Something about the concept of personas resonated with me, so I did a good bit of research on personas, including reading “The Inmates are Running the Asylum” a very persuasive book by Alan Cooper in which he first introduces the concept of personas for product development. After several months of research, my sense that personas could be a very valuable tool for influencing the overall goodness of the product under development was stronger than when I’d started.
Let me interrupt this recollection to tell you something about myself. I’ve been in software design and development for 20 years. Over the course of my career, I have sometimes found myself in the frustrating situation of knowing the product I was working on was being mis-built. That is, that the developers and management were making technical and implementation decisions that simply wouldn’t work for the intended user base. Maybe it was my years in technical support, maybe the fact that I am the child of business owners – I don’t know, but somehow, on these occasions I knew that our values and judgments were off. Sometimes I knew better choices. More often I just knew that we didn’t know enough.
This mis-building of product is never intentional, as everyone always wants their product to succeed. Just getting a project approved takes a tremendous amount of work. First, there is the market research, executive presentations, evangelizing, and board meetings. Then there is the research and writing of lengthy requirements, followed by the writing and debating of lengthy specification documents. Until, finally, we get the chance to actually build the product. In the end, it is the developers and their management who really decide what gets built, how and when. Yet, we developers are usually the ones with the least exposure to the user and the market.

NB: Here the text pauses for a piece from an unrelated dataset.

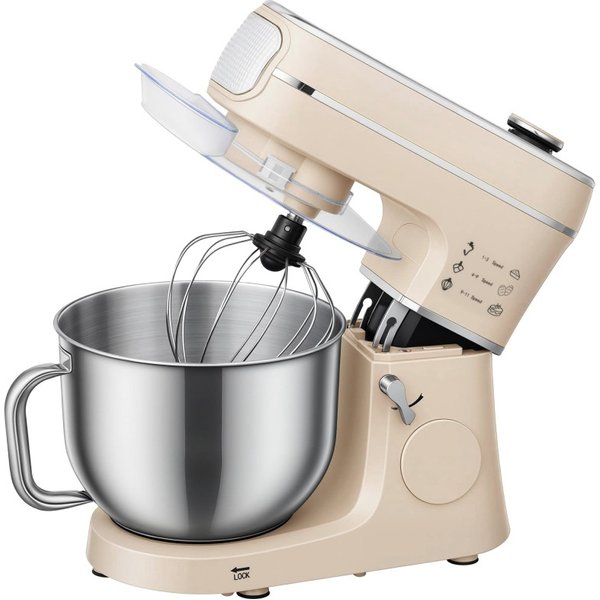 HOMCOM Standmixer, 6L 1400W Küchenmaschine mit Kippkopf 11 Geschwindigkeiten, Puls- & Gärfunktion, LED-Anzeige, Creme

Companies try various means to expose us developers to the needs of the user including corporate trips to user sites, user visits to headquarters, highly detailed requirements, lengthy specifications, use-cases, scenarios, etc. However, none of these accomplish what the persona promises to do.
The persona promises us:
- A realistic description of “the right” user and his needs, skills and desires.
- An awareness of the environment in which our product will be used
- The ability to empathize with the user
Thus guiding a team of developers to make good, consistent, long term and common decisions while implementing the product.
I finally got the opportunity to give personas a try. You can read about my experience in detail in the August '07 issue of the Pragmatic Marketer. Until that’s available, I’ll summarize the experience here by saying: personas
brought a sea change at every level. Product
decision making improved immediately throughout the organization.
In particular:
- Developers felt empowered.
- Product Management and Development were finally on the same page.
- Product Managers were required to do far less internal evangelizing.
- Developers documented less and coded more.
- First-pass implementations met the users’ needs while matching their skills.
- Marketing improved their customer and prospect communications
It’s now been a few years since I was first introduced to the concept of personas and I remain very impressed with the immediate and long-term impact of good personas.
Since the concept of personas, their value and their impact is not yet widely established, I have started this blog to help get the word out.